Questa è la seconda parte di un post dedicato alla trilogia di Richard Calder; la prima parte è stata pubblicata due settimane fa.

Il secondo volume della trilogia, pubblicato a due anni di distanza, è un’opera di carattere molto differente. I dettagli romantici del primo episodio lasciano posto a uno scenario terrificante, giocato sulla sanguinosa lotta tra le lilim, che ormai sono diventate milioni perché Titania è riuscita a spargere il morbo delle bambole in tutto il mondo, e la loro controparte maschile, gli elohim (parola che nell’ebraico dell’Antico Testamento è il titolo del dio di Israele): questi ultimi, nell’ordine di un migliaio, sono i “ragazzi morti”, che hanno contratto il morbo delle bambole: o forse sono una creazione di Meta, l’evoluzione finale che rappresenta la fusione delle coscienze di tutte le “ragazze morte”. La funzione degli elohim sembra essere quella di tenere sotto controllo la rapida espansione demografica delle lilim. Infatti, così come la matrice delle dead girls contiene un insopprimibile desiderio di morte, gli elohim provano l’irresistibile impulso di uccidere senza sosta le loro “sorelle” in Meta.

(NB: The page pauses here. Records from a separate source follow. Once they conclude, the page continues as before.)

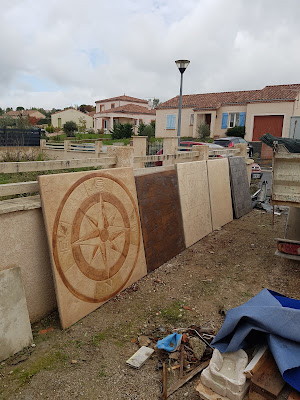 BERTUZZI Béton créatif à Arthès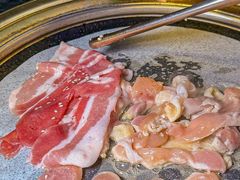 -熊大·鲜烤黄牛肉(五山店)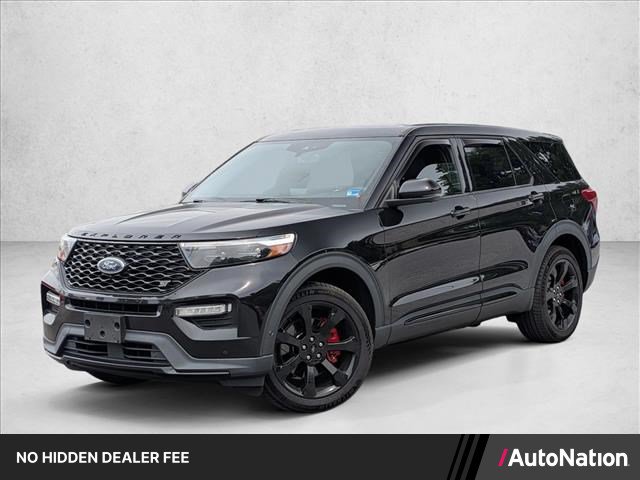 Used 2021 Ford Explorer ST w/ Equipment Group 401A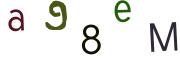 圖片的 CAPTCHA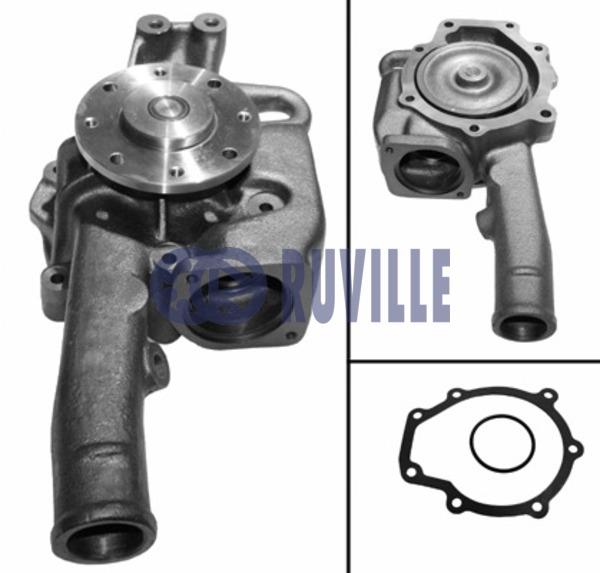 Ruville 65144 Water pump 65144: Buy near me in Poland at 2407.PL - Good price!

Come due razze diverse, o come due facce della stessa medaglia, gli uni rappresentano un’estremizzazione radicale dell’aggressività maschile, della violenza possessiva che si spinge fino al femminicidio; le altre sono l’apoteosi di una concezione leziosa e gotica del femminile, simili a bambole di porcellana che adorano vestirsi di indumenti Belle époque, forse ispirati da certi eccessi delle cosplayers giapponesi di oggi.

Il romanzo è costruito a capitoli alterni, nel presente del 1994 e nel futuro. Dopo la morte di Primavera, Ignatz Zwakh ha preservato l’utero della sua amata lilim che ne contiene la matrice quantistica. Iniettandosi sostanze lilim, Ignatz vede un futuro in cui le bambole si sono evolute in Meta: le lilim cercano di infettare i maschi umani, e gli elohim danno loro la caccia uccidendole in maniera rituale, di solito con armi bianche, come si iniziò a fare sotto il governo del Fronte Umano. In questo indesiderabile futuro, l’inquisitore elohim Dagon dà la caccia alla lilim Vanity St Viridiana che si sta dirigendo su Marte, dove le è stato offerto rifugio.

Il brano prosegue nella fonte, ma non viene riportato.